## [Task brief]
From the records below, transcribe exactly the lines that begin at the line with "RYBAKINA CAE EN SU REGRESO EN BEIJING" and end at the line with "Vineyard Vines GUC", both included.

## [Records for this task]

━━━━━━━━━━━━━━━━━━━━━━━━━━━━━━

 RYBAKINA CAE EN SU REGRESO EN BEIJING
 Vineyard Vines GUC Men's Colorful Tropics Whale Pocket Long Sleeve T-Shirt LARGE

━━━━━━━━━━━━━━━━━━━━━━━━━━━━━━

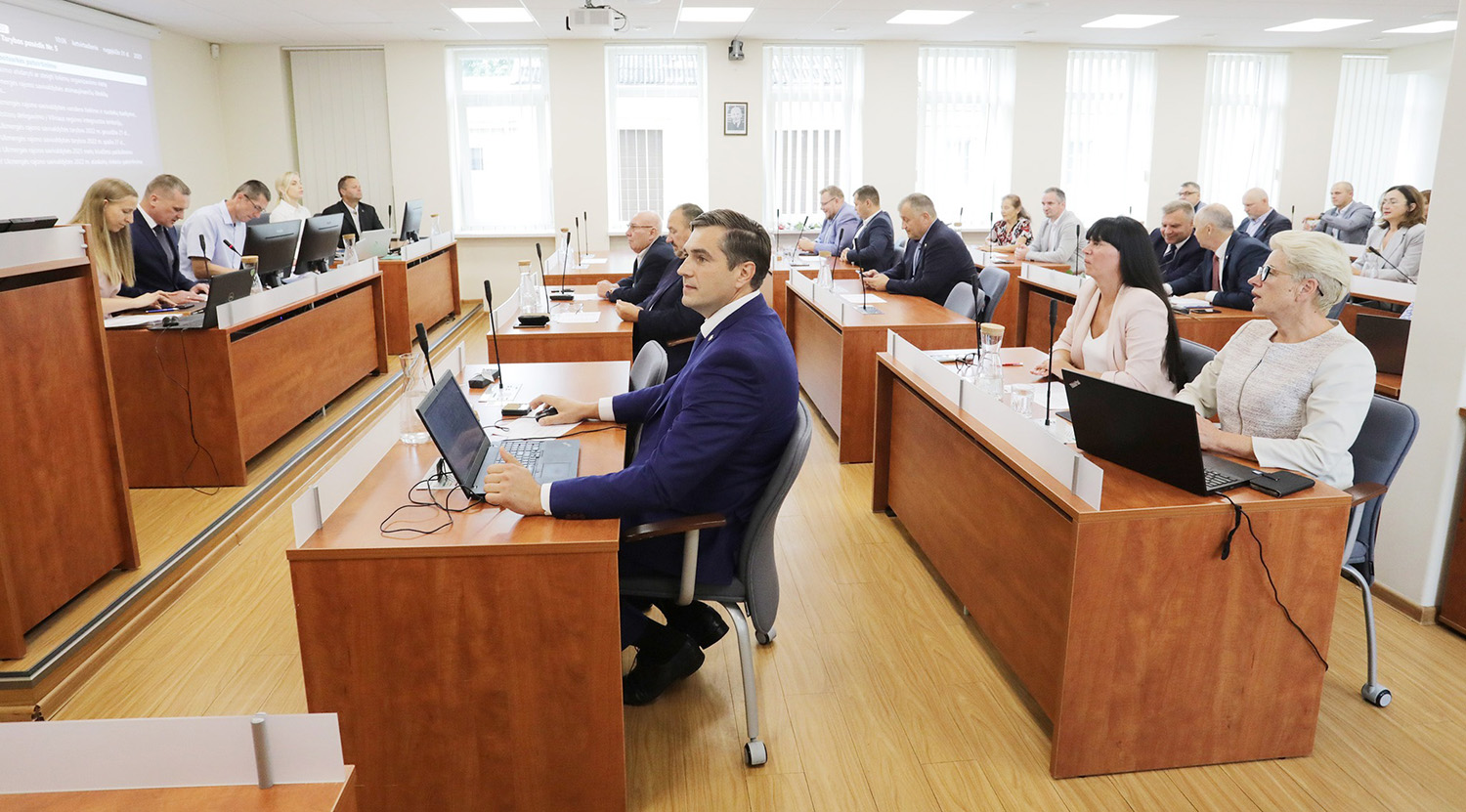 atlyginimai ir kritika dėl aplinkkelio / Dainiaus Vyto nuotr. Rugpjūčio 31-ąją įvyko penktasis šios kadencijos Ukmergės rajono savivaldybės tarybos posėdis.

━━━━━━━━━━━━━━━━━━━━━━━━━━━━━━

## [Answer to this exercise]
 RYBAKINA CAE EN SU REGRESO EN BEIJING
 Vineyard Vines GUC Men's Colorful Tropics Whale Pocket Long Sleeve T-Shirt LARGE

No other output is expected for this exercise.